その言葉を聞くとニーナはようやく、どうしてタクシーを一台も捕まえられなかったのか理解し、 鼻を鳴らして立ち上がると遠くからその車を見つめた。 最近彼女と一悶着あったのはイザベラとジョンの二人だけだったので、仕組んだのはこの二人のうちのどちらかで間違いない。

ニーナがどちらが犯人か見極めようとしていたとき鋭いクラクションの音が聞こえ、 振り返るとベントレーがあまり遠くないところに駐車しているのが見える。 そして、助手席にはジョンが座っているのだ。

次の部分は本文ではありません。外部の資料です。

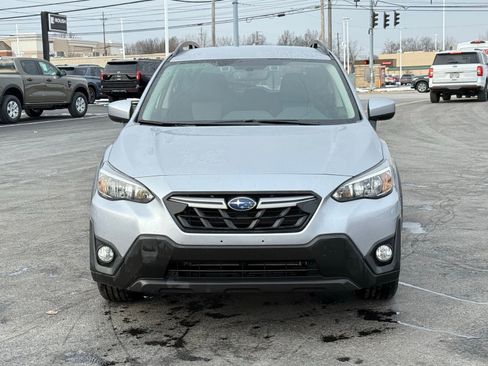 Used 2023 Subaru Crosstrek 2.0i Premium image 8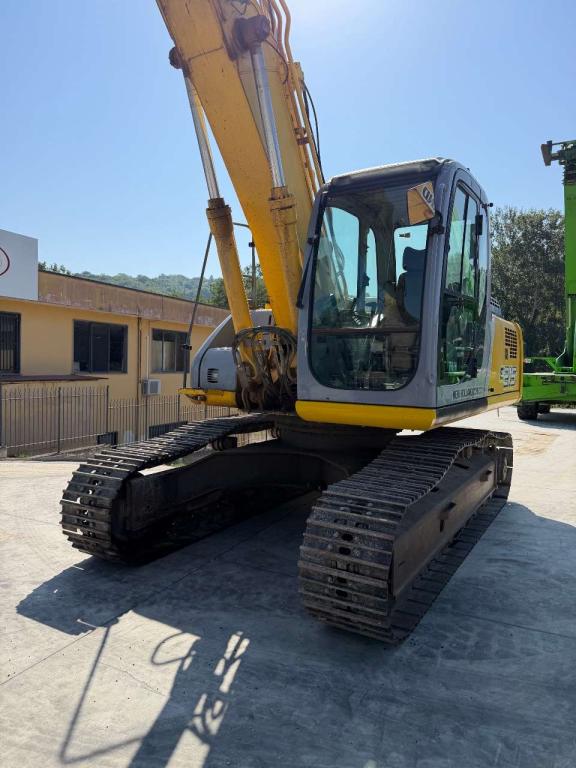 New Holland Kobelco E215 Photo 4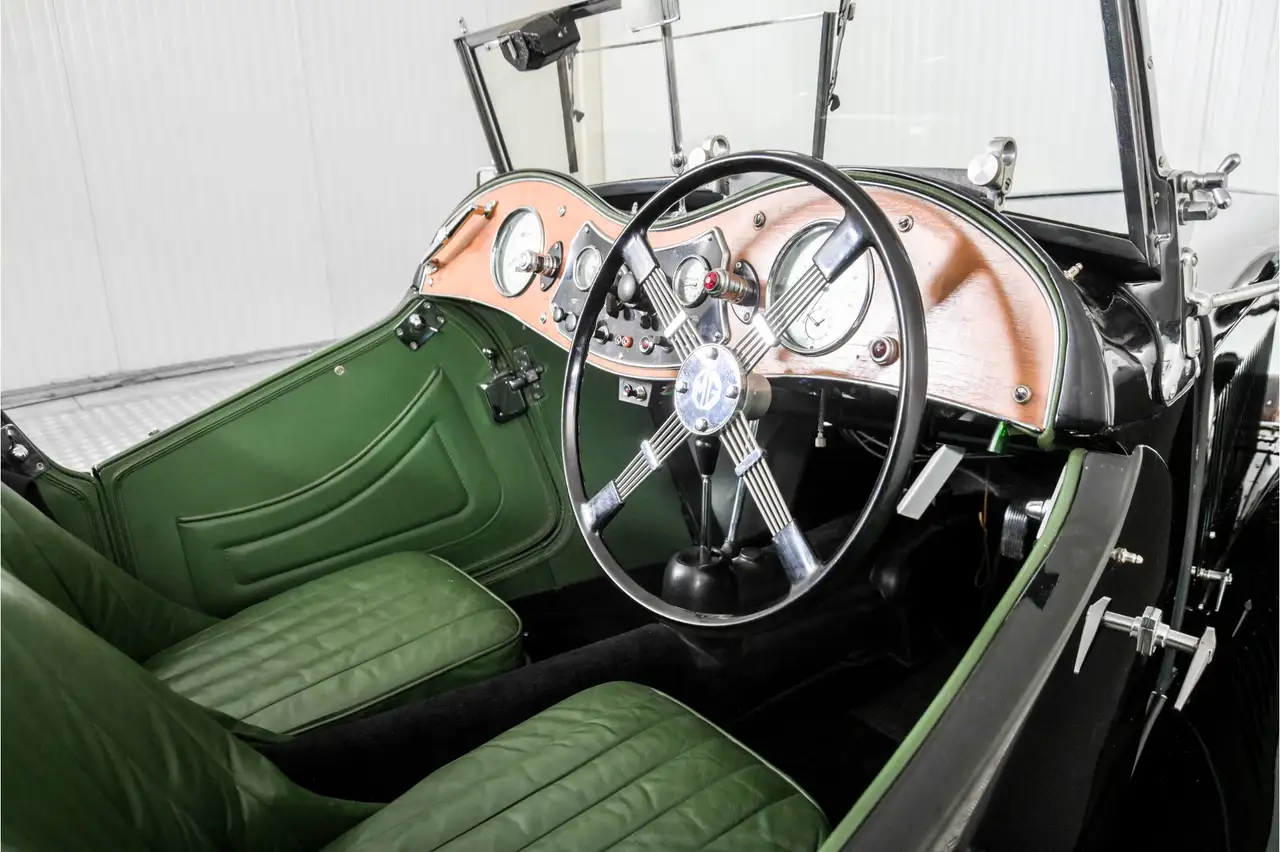 MG TC 1400cc met vijf versnellingsbak, foto 11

ジョンは踏ん反り返って傲慢にこちらを眺め、 薄い唇には微かな嘲笑を浮かべている。

彼は窓の外に腕を伸ばしてだらりとぶら下げ、

手を振って来るように合図した。

しかし、ニーナは無視を決め込んで平然と立ち去ってしまった。

それを見て、ジョンはキュッと眉を上げる。 この際ニーナどこまで頑固なのか試してやりたいが、 ジョンと一緒に行く替わりに本当に大学まで歩くつもりなのだろうか?

とはいえ、L大学まではそれほど遠いわけでもない。

「追いかけろ」とジョンが命令する。

「はい、社長」

歩くニーナを追いかけるわけで車は亀のようにノロノロ進みながら、 最初はジョンの言う通りにニーナを追いかけていたが、道路の分岐点で向きを変えた。